DATA FOR ANALYSIS:

============================================================

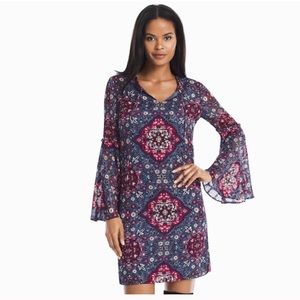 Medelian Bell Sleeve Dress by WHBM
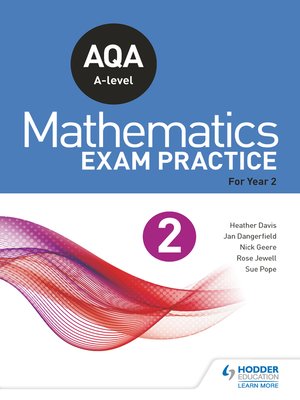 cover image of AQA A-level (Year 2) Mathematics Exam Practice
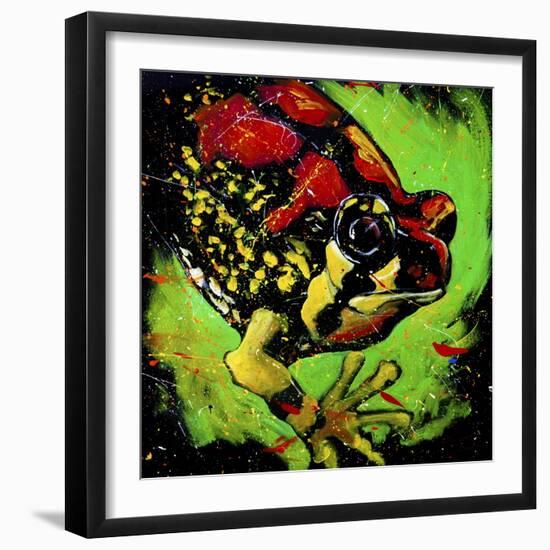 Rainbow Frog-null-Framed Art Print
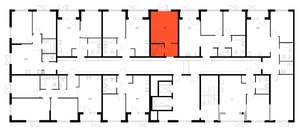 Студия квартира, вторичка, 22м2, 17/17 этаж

============================================================

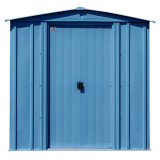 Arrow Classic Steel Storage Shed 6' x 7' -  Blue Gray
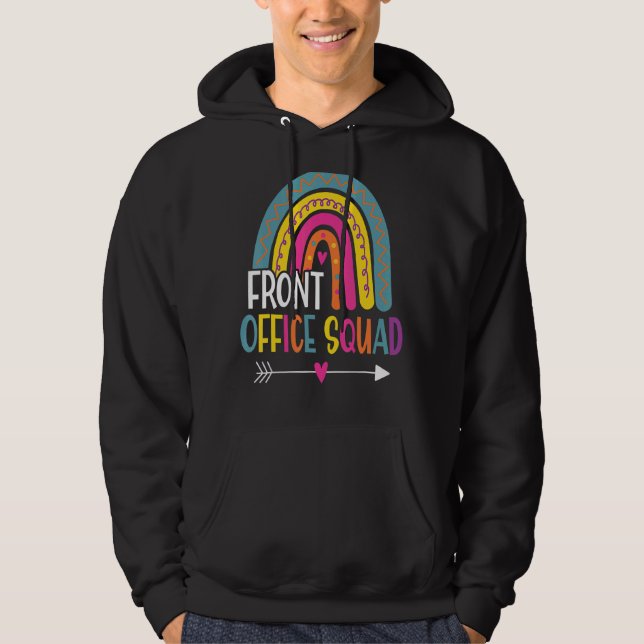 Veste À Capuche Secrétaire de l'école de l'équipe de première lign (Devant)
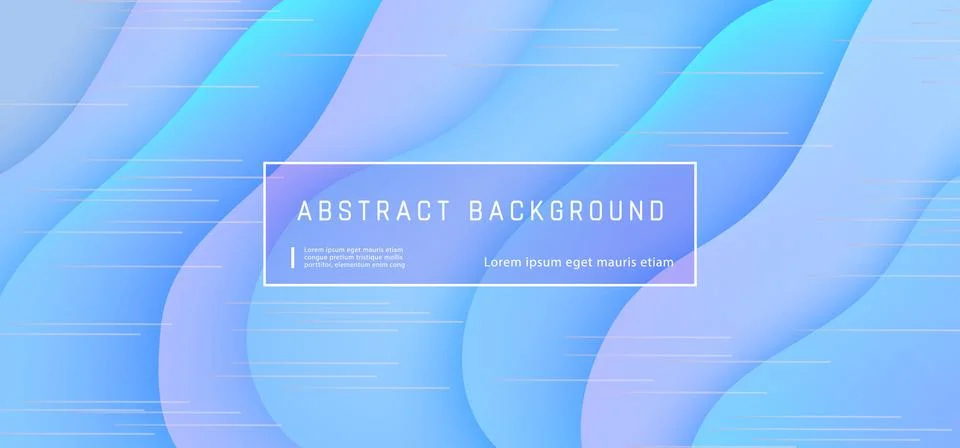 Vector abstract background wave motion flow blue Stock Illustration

============================================================

TASK DIRECTIONS: Go back to the listing above and write out the lines starting at the one with "Rainbow Frog-null-Framed Art Print" and ending at the one with "Студия квартира, вторичка, 22м2, 17/17 этаж", inclusive, exactly and without pictures.

SOLUTION TO THE PROBLEM:
 Rainbow Frog-null-Framed Art Print
 Студия квартира, вторичка, 22м2, 17/17 этаж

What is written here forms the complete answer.